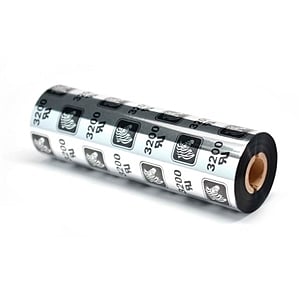 Zebra Ribbon 3200 CeraResina 110mm 12x74mts Negro  Tinta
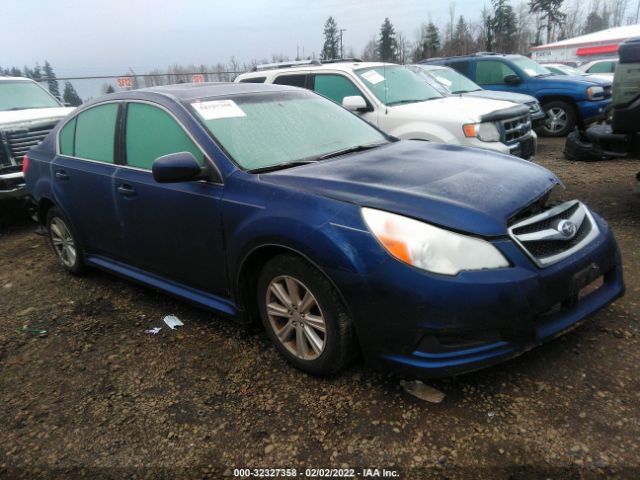 SUBARU LEGACY 2011 4s3bmcg65b3240106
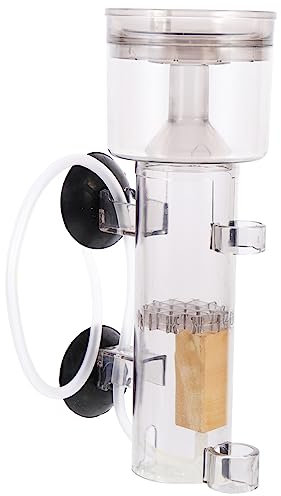 Hohopeti 2St Eiweißabschäumer Wasser-Eiweiß-Abschäumer Schwamm Luftsteine für Aquarien wasserreiniger hauswasserfilter Salzwasser-Reinigungskimmer Salzwasser-Reinigungsgerät Acryl Grey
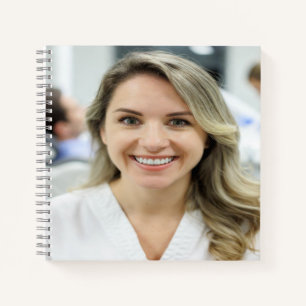 Zahnarzt Foto Anpassen Personalisieren Notizbuch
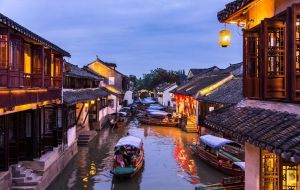 周莊古鎮(zhèn) 周莊古鎮(zhèn)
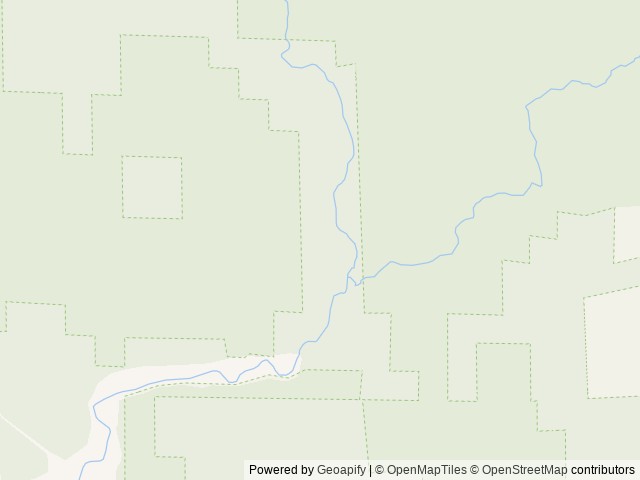 Map of Kilchis River County Campground location at Tillamook, OR, United States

> _WHAT IS BEING ASKED_
Write out the lines beginning at the line with "SUBARU LEGACY 2011 4s3bmcg65b3240106" and ending at the last line of the entries. Include no pictures.

> _ANSWER FOR THIS EXERCISE_
 SUBARU LEGACY 2011 4s3bmcg65b3240106
 Hohopeti 2St Eiweißabschäumer Wasser-Eiweiß-Abschäumer Schwamm Luftsteine für Aquarien wasserreiniger hauswasserfilter Salzwasser-Reinigungskimmer Salzwasser-Reinigungsgerät Acryl Grey
 Zahnarzt Foto Anpassen Personalisieren Notizbuch
 周莊古鎮(zhèn) 周莊古鎮(zhèn)
 Map of Kilchis River County Campground location at Tillamook, OR, United States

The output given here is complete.